**Task item**:
Using the records below, reproduce exactly the lines from the one containing "Signature Studio Suite | Private kitchen" through the end, and nothing more; skip the images.

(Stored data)

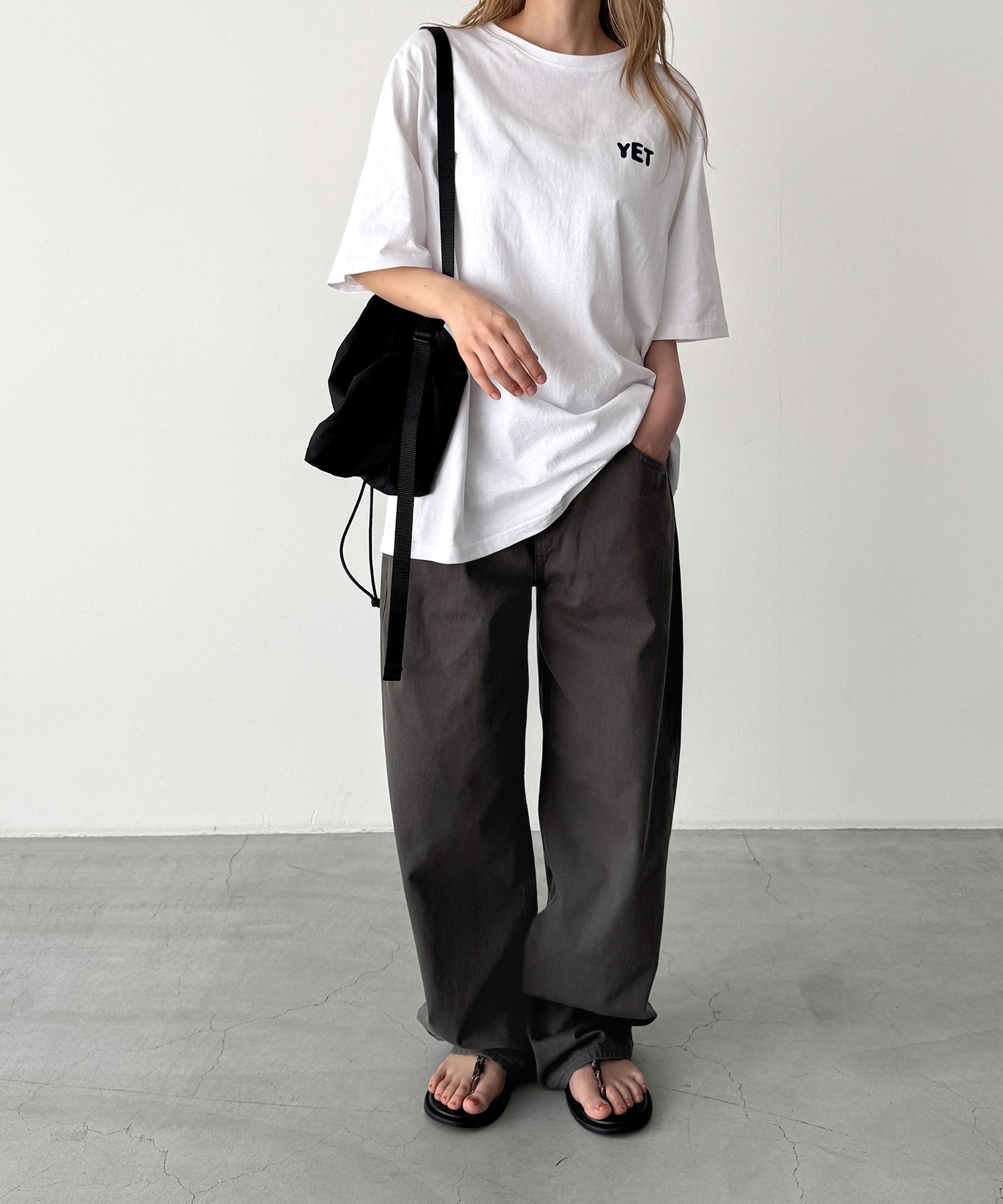 "YET"Tシャツ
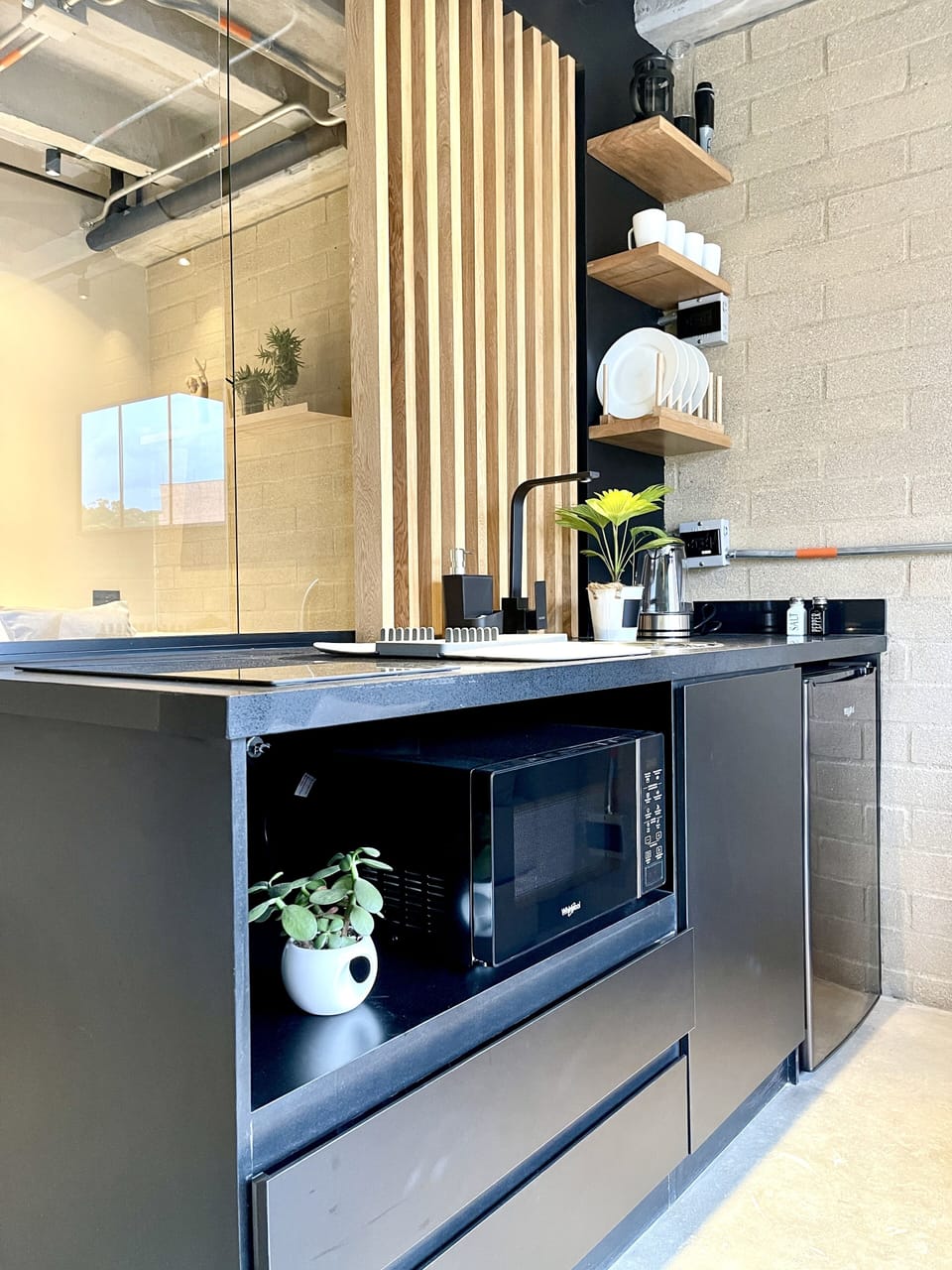 Signature Studio Suite | Private kitchen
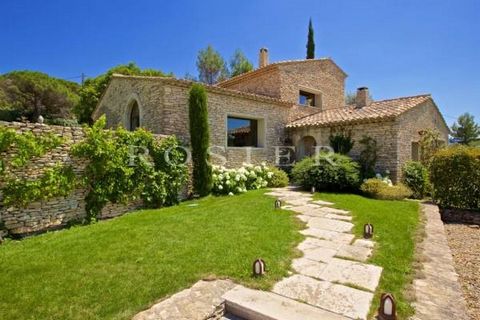 Nestled on a hillside in the heart of the Gordian garrigue, this little gem has been carefully designed inside and out. On the garden level, the main house features an entrance hall opening onto a living kitchen, a dining room and a beautiful lounge-...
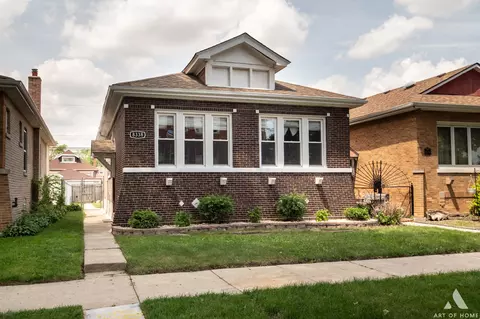 8338 S Blackstone Ave, Chicago, IL 60619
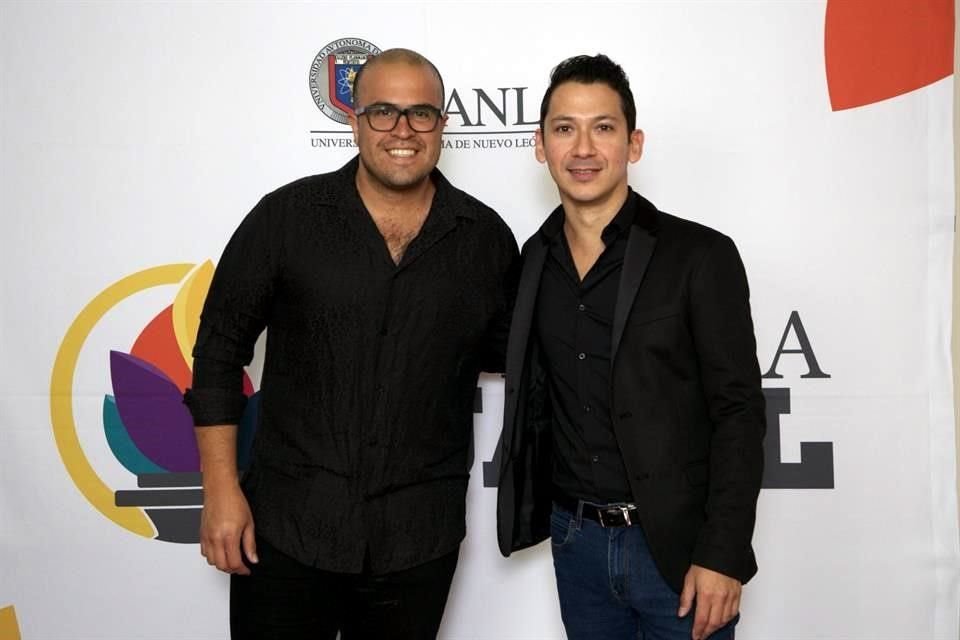 El bandoneonista argentino Juan Pablo Jofre (izq.) y el pianista mexicano Alejandro Vela.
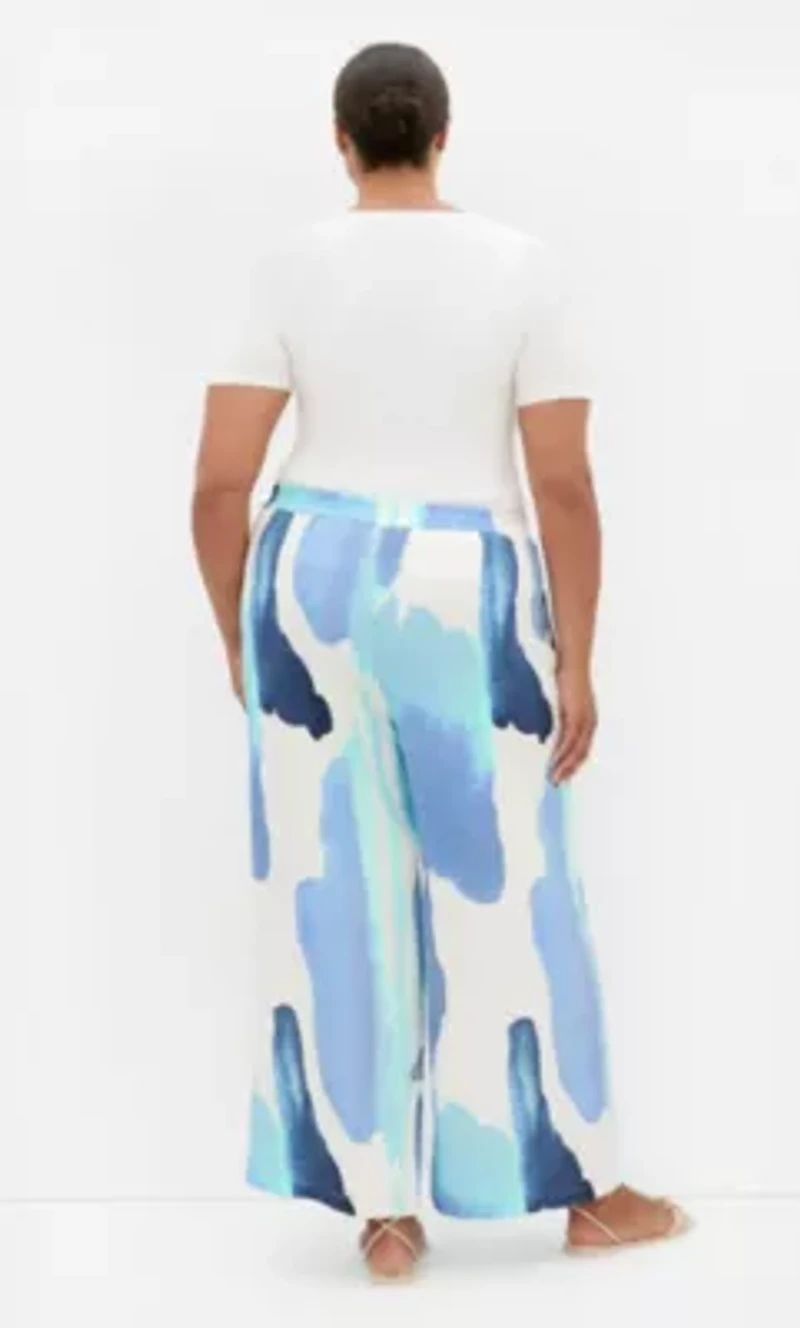 Surface Level Print Pant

**Written response**:
 Signature Studio Suite | Private kitchen
 Nestled on a hillside in the heart of the Gordian garrigue, this little gem has been carefully designed inside and out. On the garden level, the main house features an entrance hall opening onto a living kitchen, a dining room and a beautiful lounge-...
 8338 S Blackstone Ave, Chicago, IL 60619
 El bandoneonista argentino Juan Pablo Jofre (izq.) y el pianista mexicano Alejandro Vela.
 Surface Level Print Pant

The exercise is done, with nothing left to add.